A difficult medium and sneaky hard gave Div 1 coders many challenge opportunities. The tricky hard, which featured an interesting mix of parsing and searching, had only 6 correct submissions. tjq, who bolstered his 3 correct submissions with 2 challenges, narrowly edged out Petr for the win. Strong performances from Im2Good and Per kept them in striking distance. The division 2 hard was no slouch either, claiming all but 9 submissions. Seasoned competitor emka207 captured the div 2 crown, with mhchan and xnitin close behind.

The Problems

CrossWordPuzzle

Used as: Division Two - Level One:

Value 250

Submission Rate 310 / 363 (85.40%)

Success Rate 268 / 310 (86.45%)

High Score zylum for 247.33 points (2 mins 57 secs)

Average Score 193.85 (for 268 correct submissions)

This problem required more string manipulation than a typical Div 2 easy.

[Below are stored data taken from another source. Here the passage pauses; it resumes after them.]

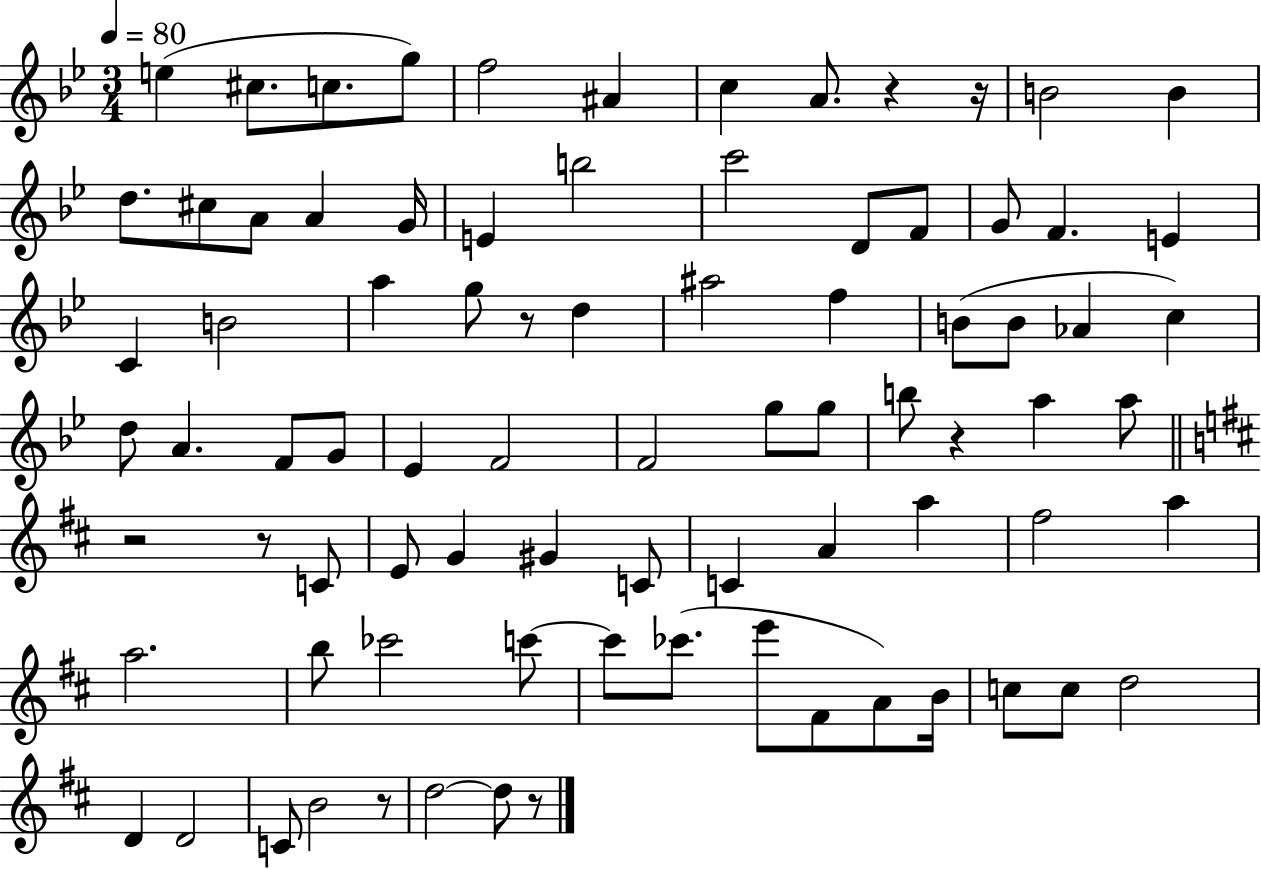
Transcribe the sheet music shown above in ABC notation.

X:1
T:Untitled
M:3/4
L:1/4
K:Bb
e ^c/2 c/2 g/2 f2 ^A c A/2 z z/4 B2 B d/2 ^c/2 A/2 A G/4 E b2 c'2 D/2 F/2 G/2 F E C B2 a g/2 z/2 d ^a2 f B/2 B/2 _A c d/2 A F/2 G/2 _E F2 F2 g/2 g/2 b/2 z a a/2 z2 z/2 C/2 E/2 G ^G C/2 C A a ^f2 a a2 b/2 _c'2 c'/2 c'/2 _c'/2 e'/2 ^F/2 A/2 B/4 c/2 c/2 d2 D D2 C/2 B2 z/2 d2 d/2 z/2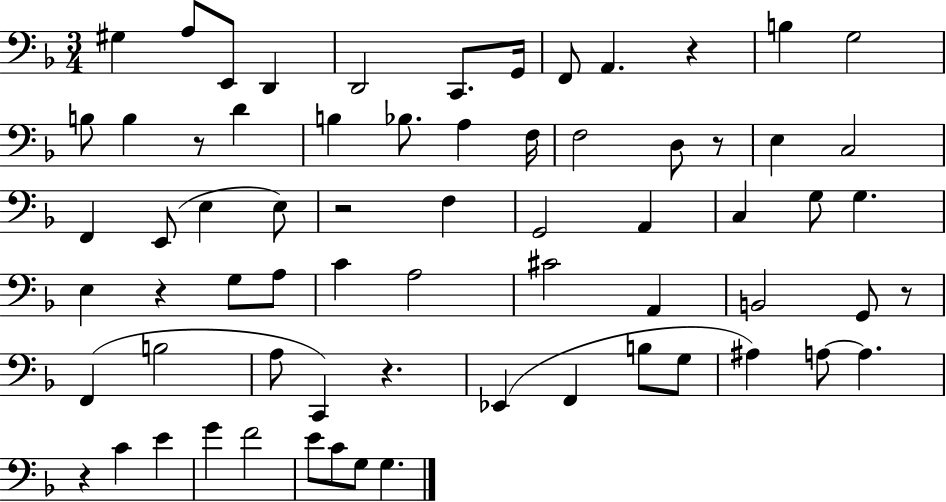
X:1
T:Untitled
M:3/4
L:1/4
K:F
^G, A,/2 E,,/2 D,, D,,2 C,,/2 G,,/4 F,,/2 A,, z B, G,2 B,/2 B, z/2 D B, _B,/2 A, F,/4 F,2 D,/2 z/2 E, C,2 F,, E,,/2 E, E,/2 z2 F, G,,2 A,, C, G,/2 G, E, z G,/2 A,/2 C A,2 ^C2 A,, B,,2 G,,/2 z/2 F,, B,2 A,/2 C,, z _E,, F,, B,/2 G,/2 ^A, A,/2 A, z C E G F2 E/2 C/2 G,/2 G,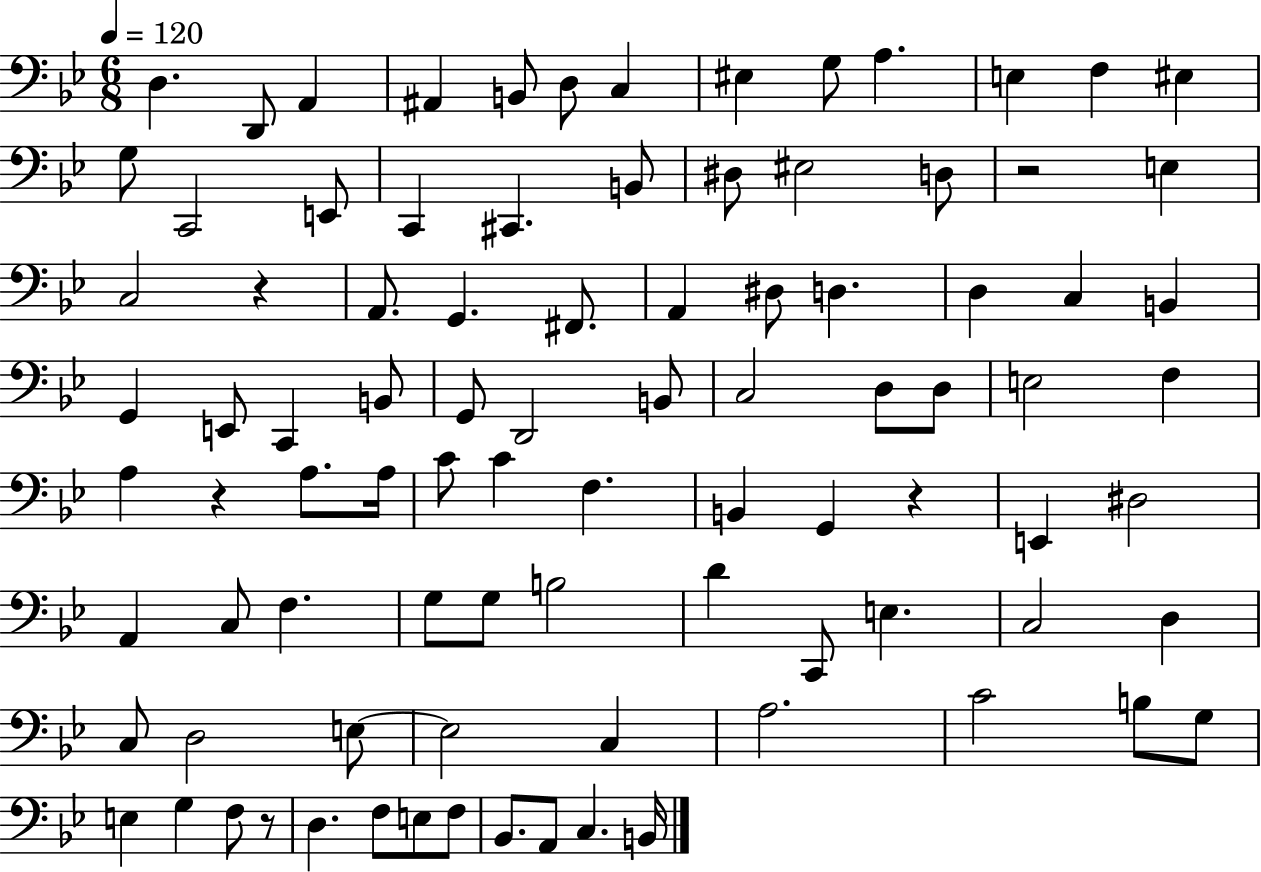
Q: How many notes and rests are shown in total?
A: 91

One type of solution loops over each line of the input, and keeps a counter tracking periods. The first period seen initializes the counter to 1. An 'X' or end-of-line causes the counting to stop, at which point it is determined if the correct number of periods were found. We can simplify this code somewhat using regular expressions. Java code follows:


public int countWords(String[] board, int size) {
    int ret = 0;
    for (int i =0; i < board.length; i++) {
	board[i] = ("X"+board[i]+"X").replaceAll("X","XX").replaceAll("X\\.{"+size+"}X","XAX");
	ret += board[i].replaceAll("[^A]*","").length();
    } 
    return ret;
}

CmpdWords

Used as: Division Two - Level Two:

Value 500

Submission Rate 236 / 363 (65.01%)

Success Rate 165 / 236 (69.92%)

High Score KillerCoder for 493.87 points (3 mins 10 secs)

Average Score 353.45 (for 165 correct submissions)

Used as: Division One - Level One:

Value 250

Submission Rate 278 / 283 (98.23%)

Success Rate 249 / 278 (89.57%)

High Score krijgertje for 248.77 points (2 mins 0 secs)

Average Score 213.61 (for 249 correct submissions)

The problem asks us to consider all possible ways of concatenating distinct dictionary words. This naturally lends itself to a double loop over the dictionary elements. The algorithm maintains a set S that is initialized with the words in the dictionary. If a generated word (by our concatenations) is present in S, we add it to a set of ambiguous words. Otherwise, we add the generated word to S. When this process is complete, all ambiguities will be in a single set. We return the size of this set. Java code follows:

public int ambiguous(String[] dictionary) {
    HashSet words = new HashSet(Arrays.asList(dictionary));
    HashSet cntd = new HashSet();
    for (int a = 0; a < dictionary.length; a++) {
	for (int b = 0; b < dictionary.length; b++) {
	    if (a == b) continue;
	    String comp = dictionary[a] + dictionary[b];
	    if (!words.contains(comp)) words.add(comp);
	    else cntd.add(comp);
	}
    }
    return cntd.size();
}

TriArea

Used as: Division Two - Level Three:

Value 1000

Submission Rate 26 / 363 (7.16%)

Success Rate 9 / 26 (34.62%)

High Score emka207 for 699.24 points (20 mins 35 secs)

Average Score 534.92 (for 9 correct submissions)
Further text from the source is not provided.